SPOCK: Indeed, it is a paradoxical case, particularly since it is colored by human sentiment, and by uniquely human concepts like "groove" and "feel" to which I am, in part, alien. But one line is not at all blurred. Thicke and Williams decidedly did not "start with a blank page." In fact, I would argue that they engaged in a process which has only recently become technologically possible in your world, and that it produced something that comes closer to the meaning of "counterfeit" than outright theft of intellectual property. Let us call it, for lack of a better term, "digital grid mapping." The defendants all but conceded their desire to possess whatever it was that leant the Marvin Gaye recording its special qualities. Why? Because "Got To Give It Up" had been a hit record and they desired the same. The technology available allowed them (in the remarkably short time of an hour and a half) to simply "overlay" their as-yet empty template on Mr. Gaye's song grid and lift an "aurostatic impression" of those elements they found hit-worthy in the original, including--yes--the cowbell. They then selectively discarded elements that didn't suit them, and repositioned or gave new emphasis to others (e.g., the "You sexy lady" refrain in the background vocals is moved to the foreground as "You know you want it"). All of this is a perfectly logical, even scientific way to evaluate a commercial product. And as I comprehend it, record industry practice provides avenues for credit-sharing should you decide to use copyright-protected material. But if Budweiser, for instance, were to replicate Andy Warhol's silk-screening technique perfectly, replace the Campbell's Soup can with a beer, and run the advertisement without permission, would it not cause difficulties?

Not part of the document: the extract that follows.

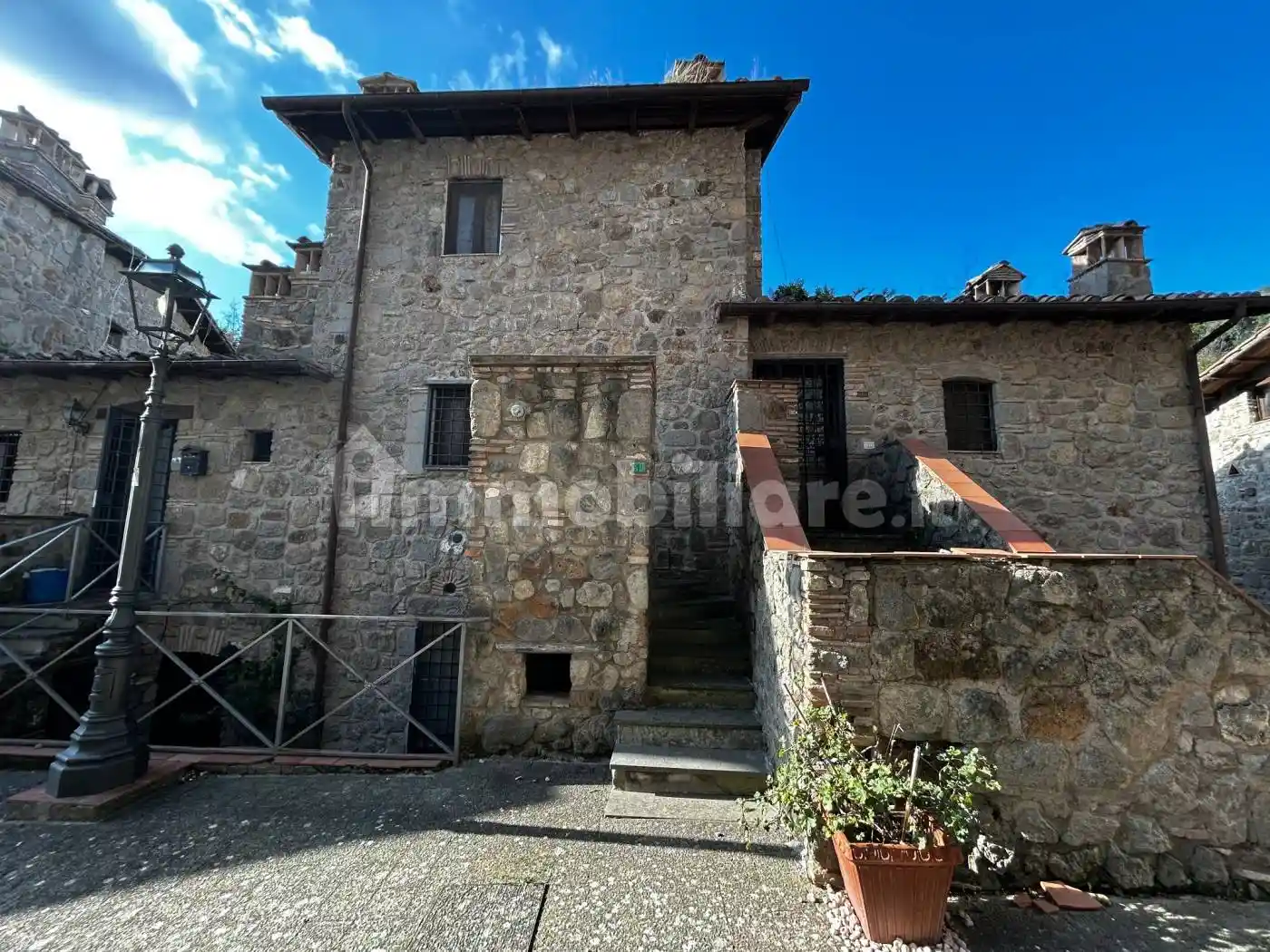 Appartamento in vendita a Bassano in Teverina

AH: But agreed-upon metrics in these cases are important, don't you agree, Spock? And the metrics we've used so far are things like common note sequences, melodic shapes, chord progressions, lyrical similarity. These two songs don't seem to share any of those things in the way that, say, My Sweet Lord did with He's So Fine.
SPOCK: Metrics, as you call them, are indeed important. But they have value only to the degree they reflect current practice. Some standards, such as the requirement to show that the defendant had "access" to the protected work, will endure. Others will not, or will require updating. Technological humans are now fully entering the age of mimesis that began with the printing press and will end...well, I could make a logical conjecture, but...

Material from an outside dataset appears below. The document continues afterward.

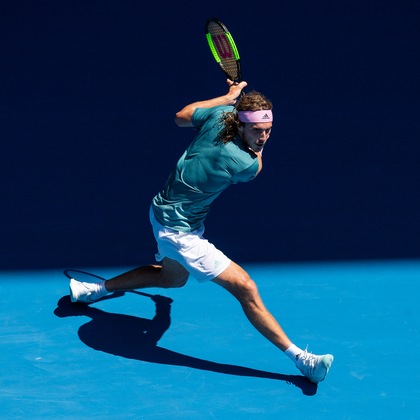 而更具话题 而更具话题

AH: Yes, but isn't it a slippery slope? What songwriter will feel safe in paying musical homage or borrowing a lick? We've always agreed that you can't copyright a "feel." Doesn't this set a terrible precedent?
SPOCK: On the contrary, it is a long overdue updating of antiquated law. And any songwriter can feel safe as long as his ears (chuckles as he pulls on a Vulcan ear) don't "prick" with recognition. As long as the writer makes the song his or her own.
AH: That's a pretty subjective metric there, Mr. Spock. Ears pricking?
SPOCK: Well, we are talking about music, not a piece of integrated circuitry. It is, after all, "a feel thing." Vulcans don't listen to a great deal of pop music. But even I can read a map.
In the present era of popular music, it is no longer solely things like "melody" and "chord progression" that define a work. Textural and timbral elements are part of composition. A hit record is, by my Vulcan calculations, about 69% "feel." And that feel is, to use one of your more unfortunate human neologisms, "monetizable." If anyone knew this, Mr. Thicke--in spite of his Vicodin haze--did. A hit song is a 'holistic entity,' not simply the sum of its notes and chords. If I were to perform a digital grid mapping of the first movement of Mr. Beethoven's 9th Symphony, lifting tempi, meter, rhythm, accent, dynamics, and instrumentation into my own grid--without stealing a single specific melodic figure or harmony, I would be guilty of a kind of digital soul theft. No Vulcan court would ever convict me. It would see such a concept as illogical. But in your world, "feel" trumps logic.
Ever more frequently, your finest composers are being asked to produce something that sounds like something else. If the "Blurred Lines" verdict is allowed to stand, it will send a warning to producers who would exploit the greatness of another work for monetary benefit that by asking composers to abet them, they are compelling them to break the law.
AH: Thank you, Spock.
SPOCK: It has been a pleasure. Live long and prosper. Honestly.